• [What you are asked to do]: Within the listing below, the lines to output run from the one containing "ภาพกิจกรรม คณะวิทยาศาสตร์และเทคโนโลยี เข้าร่วมทำบุญปีใหม่ไทย" through the one containing "Photo 17 of"; copy them exactly and nothing else.
Materials provided START
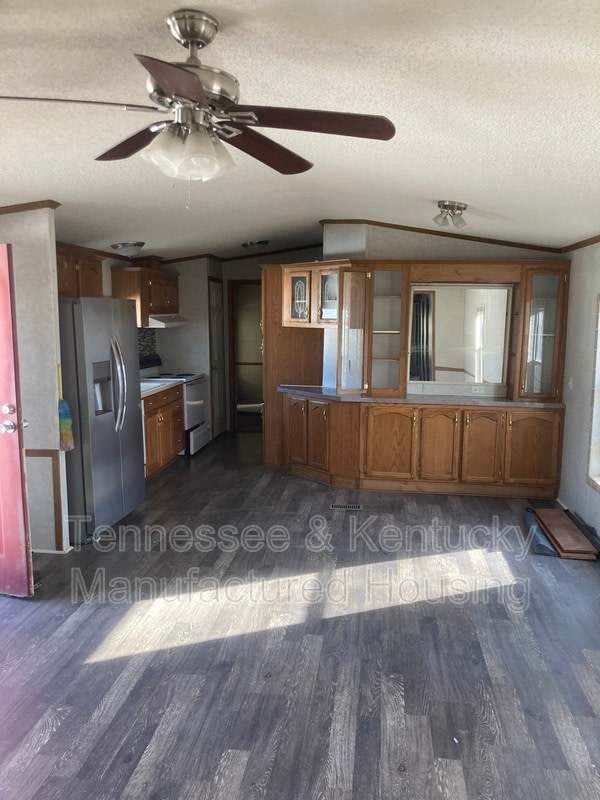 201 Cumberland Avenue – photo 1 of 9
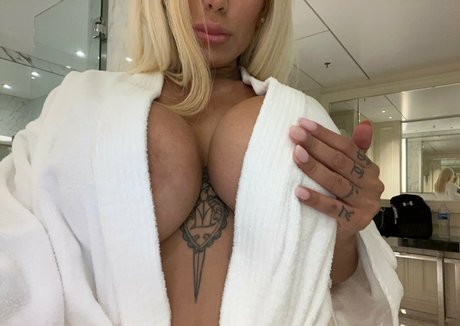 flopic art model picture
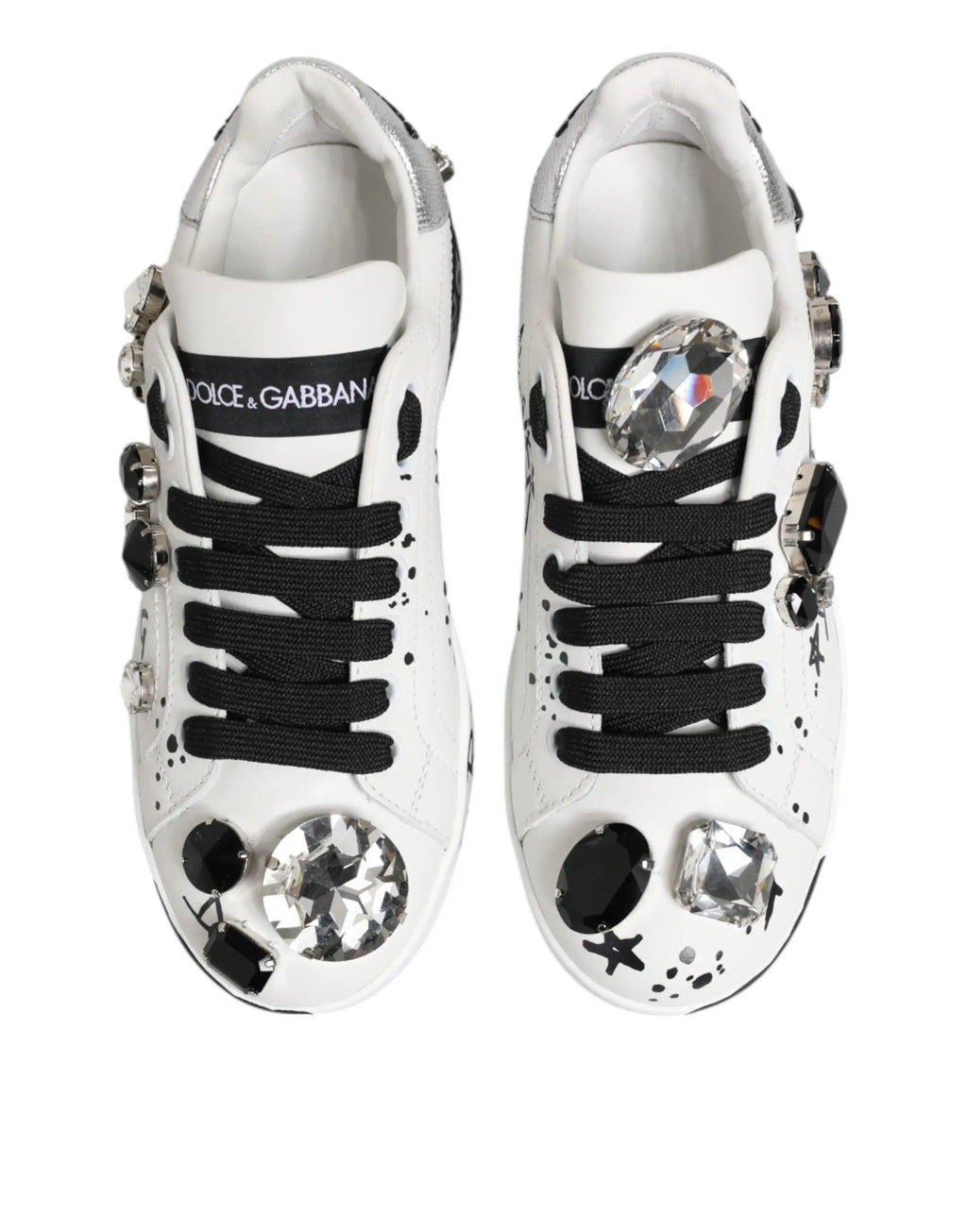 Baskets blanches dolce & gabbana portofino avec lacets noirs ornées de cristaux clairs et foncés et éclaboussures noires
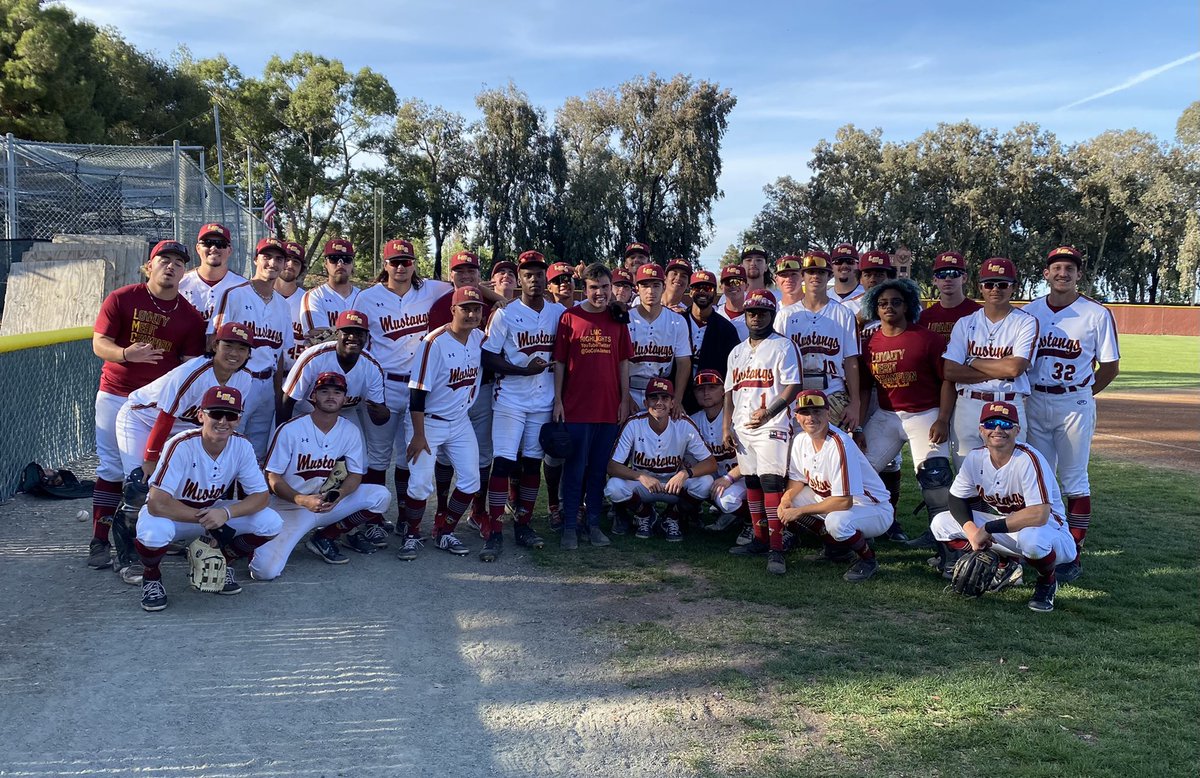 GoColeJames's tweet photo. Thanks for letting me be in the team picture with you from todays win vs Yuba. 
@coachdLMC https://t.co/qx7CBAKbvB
Materials provided END
Materials provided START
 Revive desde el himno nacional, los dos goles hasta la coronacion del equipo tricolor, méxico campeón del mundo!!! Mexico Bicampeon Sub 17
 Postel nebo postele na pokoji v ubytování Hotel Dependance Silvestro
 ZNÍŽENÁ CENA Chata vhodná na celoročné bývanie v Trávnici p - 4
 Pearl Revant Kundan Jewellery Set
Materials provided END
Materials provided START
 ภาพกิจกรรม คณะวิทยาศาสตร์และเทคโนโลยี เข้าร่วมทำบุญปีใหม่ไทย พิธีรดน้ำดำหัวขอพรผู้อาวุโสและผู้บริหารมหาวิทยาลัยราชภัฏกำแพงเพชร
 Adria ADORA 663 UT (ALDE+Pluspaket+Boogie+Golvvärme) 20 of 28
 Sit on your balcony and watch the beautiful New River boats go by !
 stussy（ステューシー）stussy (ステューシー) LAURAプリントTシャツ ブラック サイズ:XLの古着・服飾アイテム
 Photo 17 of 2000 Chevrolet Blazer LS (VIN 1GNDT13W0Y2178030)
Materials provided END
• [The completed task]:
 ภาพกิจกรรม คณะวิทยาศาสตร์และเทคโนโลยี เข้าร่วมทำบุญปีใหม่ไทย พิธีรดน้ำดำหัวขอพรผู้อาวุโสและผู้บริหารมหาวิทยาลัยราชภัฏกำแพงเพชร
 Adria ADORA 663 UT (ALDE+Pluspaket+Boogie+Golvvärme) 20 of 28
 Sit on your balcony and watch the beautiful New River boats go by !
 stussy（ステューシー）stussy (ステューシー) LAURAプリントTシャツ ブラック サイズ:XLの古着・服飾アイテム
 Photo 17 of 2000 Chevrolet Blazer LS (VIN 1GNDT13W0Y2178030)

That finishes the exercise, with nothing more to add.